KISSに込める想い@


恋愛がしたい。

その言葉を嫌と言うほど聞いてきた私は、横でギャーギャー騒ぐ友人を見ながら溜め息をついた。

恋愛と言うのは、騒いだだけで手に入る代物ではないというのを知っているはずなのに……声に出して言わないと、落ち着かないのかな……


「恋愛したいなら、騒ぐ前に行動に起こしなよ」

「だぁがなたんらなんじさん!」
(それができたら苦労しない!)


きっぱりと言われてしまった……

唸り続ける友人に哀れんだ目線を送りながら、私は時計を見つめる。もうすぐチャイムが鳴る時刻を指しそうだった……



KISSに込める想い



沖縄にある比嘉中は、生徒も教師もとても個性的な人達ばかりが集まっている学校だ。

私のように昔は本土に住んでいたような人は珍しく、こんがり焼けた茶色い肌の人達の中にいる白い肌の私はとても目立つ。目立つのが良いのか悪いのか、よく授業中に先生に目を付けられて指名されたことが何度もある。時々難しい問題にあたる時もあって、とても焦った事だってあったな。

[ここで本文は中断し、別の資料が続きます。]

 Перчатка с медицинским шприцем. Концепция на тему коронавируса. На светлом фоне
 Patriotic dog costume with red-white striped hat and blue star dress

そんなことを思いながら授業を受けていると、案の定先生と目線が合ってしまった。嗚呼、目がキラーンと輝いているし……!


「よし、苗字。くぬ問題解いてみようか?」

「前回も私、教壇の上に立たされましたよね!? 次回は別の人当てるとか言ってましたよね!?」

「ん? あびたか〜?」
(ん? 言ったか〜?)


嗚呼、これもいつものことだからもう何も言わないけどさ……

とぼけている先生に合わせて立ち上がる私も、優しい奴だと(クラスメイトが)思っているに違いない。まあ……今回の問題は、とても簡単な問いだから問題ないね。あ、ちなみに今は英語の授業です。


「At that time of seeing glancing, I fell in love with you.
I want you to permit me who thinks that I am glad only in touch, and drops nature and the kiss.」


黒板に文章を書き、それを口で復唱させると先生は「パーフェクト!」と声を上げて頭を撫でまわされた。


『一目見たその時から、私は君に恋をしました。触れただけで嬉しく思い、自然とキスを落とした私を許してほしい』


これが、私が英文訳した日本語の文章。

恋だとか愛だとか、小説や漫画……そして近くにいる友達の話でしか聞いた事がない。こんなごくごく普通の平凡な私が遭遇するわけがない。興味がないわけじゃないけど、あまり期待はしていない。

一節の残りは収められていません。